I'm having hard time figuring out the sequence generated by each of these generating functions.
$f(x) = {x^4\over (1-x)}$
$f(x) = {1\over (3-x)}$
$f(x) = {1\over (1-x)+3x^7-11}$
$f(x) = {1\over (1+3x)}$
for #1, since $1\over (1-x)$ is $1 + x + x^2 + x^3+ X^4...$ and so on, I have $x^4+x^8+x^12+x^16$ and so on.. but how do I get the sequence(like 0,0,1,1 and so on)?

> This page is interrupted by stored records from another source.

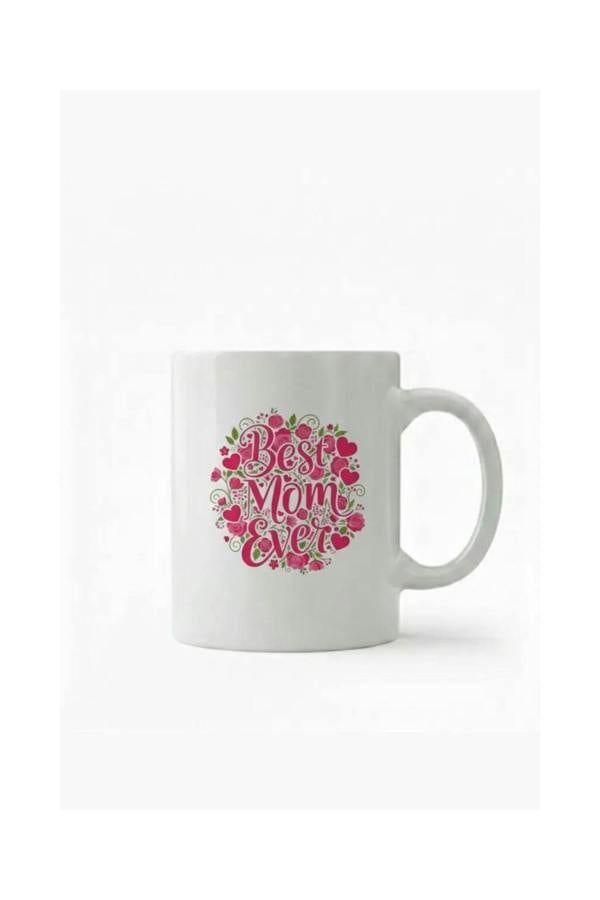 Dyzi Best Mom Ever Floral 11oz Ceramic Mother's Day Mug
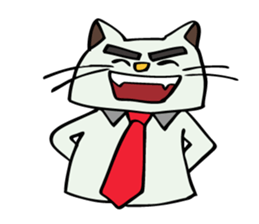 The cat's working styles. sticker #6180544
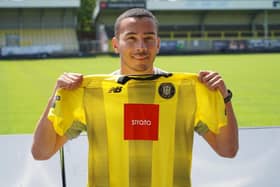 FRESH START: Centre-back Rod McDonald could make his Harrogate Town debut on the opening weekend of August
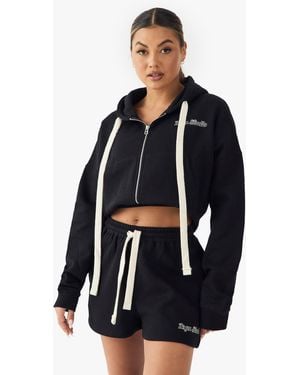DSGN Studio Contrast Drawcord Sweat Short - Blue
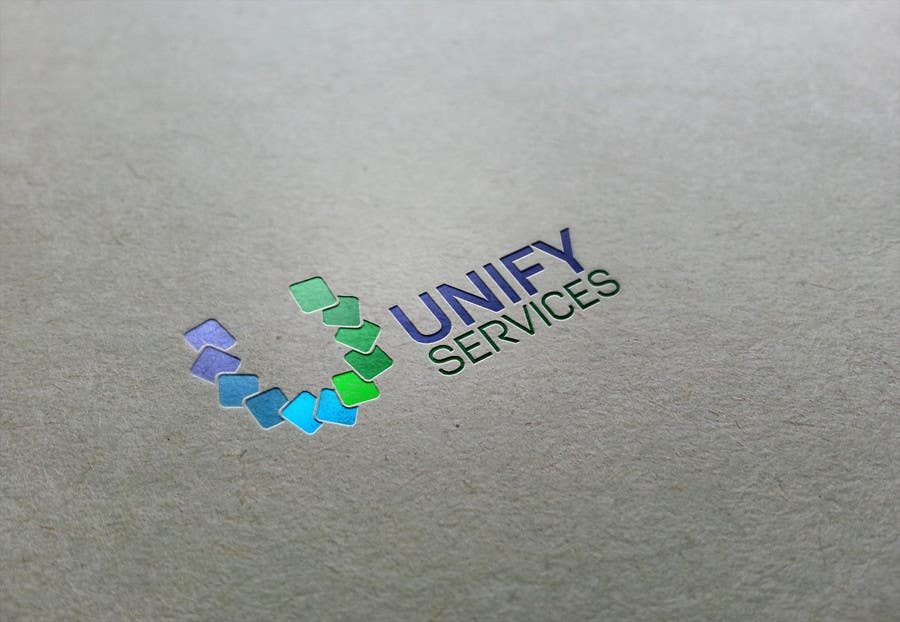 Penyertaan Peraduan #96 untuk                                                 Design an Oragami Style Logo for Unify Services
                                            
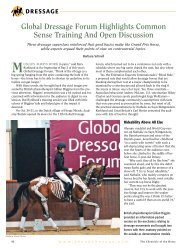 Global Dressage Forum Highlights Common Sense Training And ...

Any help would be very much appreciated thankyou
On
For 1, you are correct that $\frac 1{1-x}=1+x+x^2+x^3+\dots $. You should multiply it by $x^4$, so there are terms in $x^5$ and $x^6$, etc. rogerl has dealt with 2. For 3 you just update the affected terms in $\frac 1{1-x}$ For 4, define $y=-3x$, write the generating function in $y$ and substitute back in for $x$
As you observe, #1 is just \begin{equation*} \frac{x^4}{1-x} = \sum_{i=0}^\infty x^{4+i} = \sum_{i=0}^\infty a_ix^i, \end{equation*} where $a_i = 1$ if $i\ge 4$, and $a_i = 0$ otherwise. For #2, rewrite $\frac{1}{3-x}$ as \begin{equation*} \frac{1}{3-x} = \frac{1/3}{1-(x/3)} = \frac{1}{3}\cdot\frac{1}{1-(x/3)}. \end{equation*} Then use the power series expansion of $\frac{1}{1-x}$ with $\frac{x}{3}$ in place of $x$.